_Task to complete_
In the data below, the copy begins at the line containing "Módulo de bomba" and runs through the last line; repeat those lines exactly, minus the pictures.

_Available data_
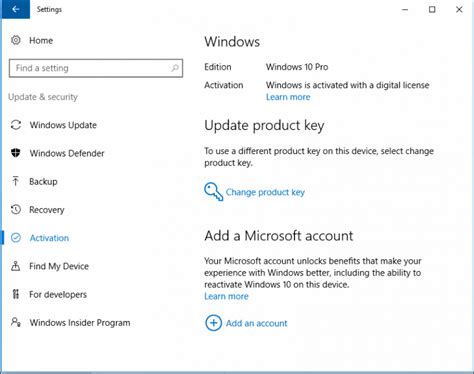 Image result for Windows License Update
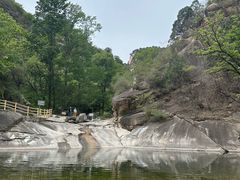 -黑龙潭风景区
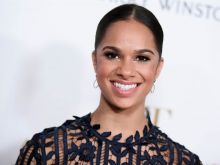 Misty Copeland
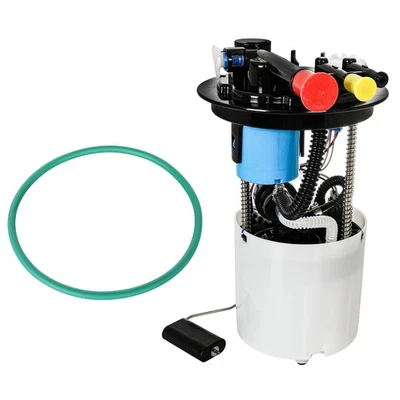 Módulo de bomba de combustible para Chevrolet Impala Pontiac Grand Prix 2005-2006 FG0378 Foto 1 de 4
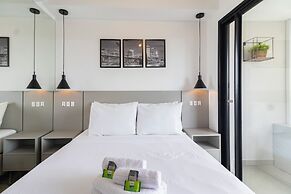 HUB Alto da Boa Vista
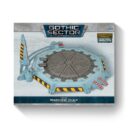Gale Force Nine Gothic Sector Legion Machine Cult (Wolfen) 1
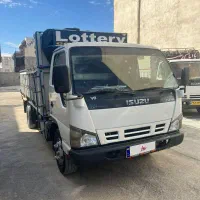 ایسوزو ۸۶ و ۸۸|خودرو سنگین|همدان, |دیوار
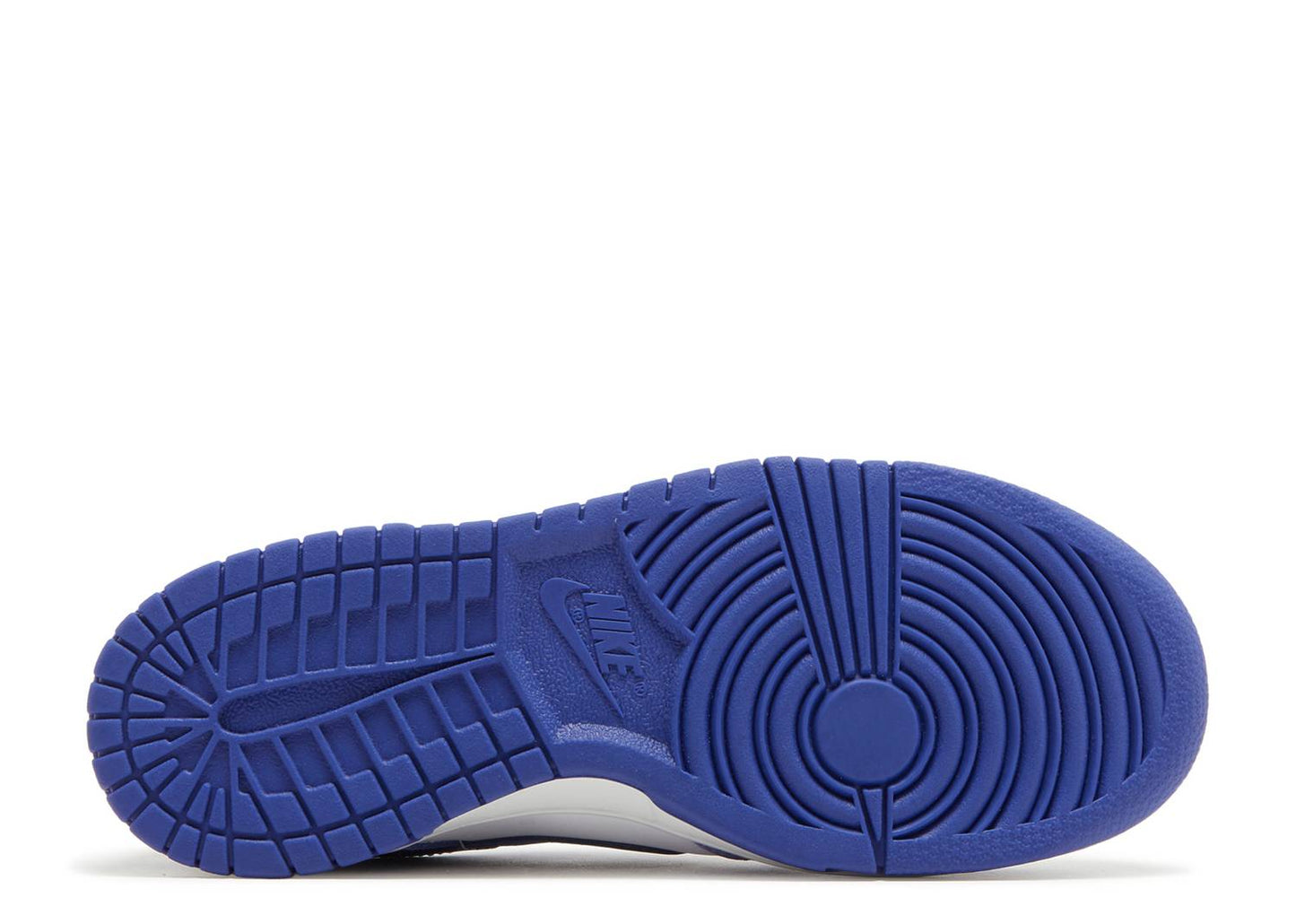Nike Dunk Low 'Blueberry'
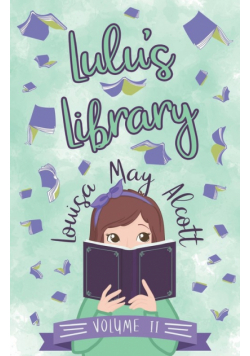 Lulu's Library, Volume II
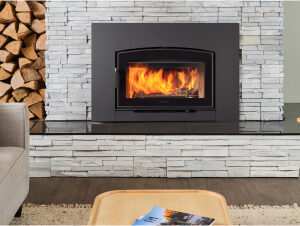 Regency Alterra Pro i3000 Wood Insert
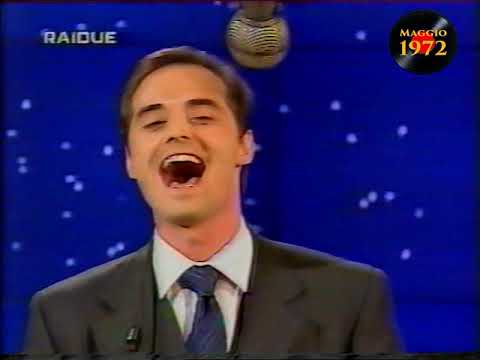 Valeriano Maspero - Serenata a Daina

_Completed task_
 Módulo de bomba de combustible para Chevrolet Impala Pontiac Grand Prix 2005-2006 FG0378 Foto 1 de 4
 HUB Alto da Boa Vista
Gale Force Nine Gothic Sector Legion Machine Cult (Wolfen) 1
 ایسوزو ۸۶ و ۸۸|خودرو سنگین|همدان, |دیوار
Nike Dunk Low 'Blueberry'
 Lulu's Library, Volume II
 Regency Alterra Pro i3000 Wood Insert
 Valeriano Maspero - Serenata a Daina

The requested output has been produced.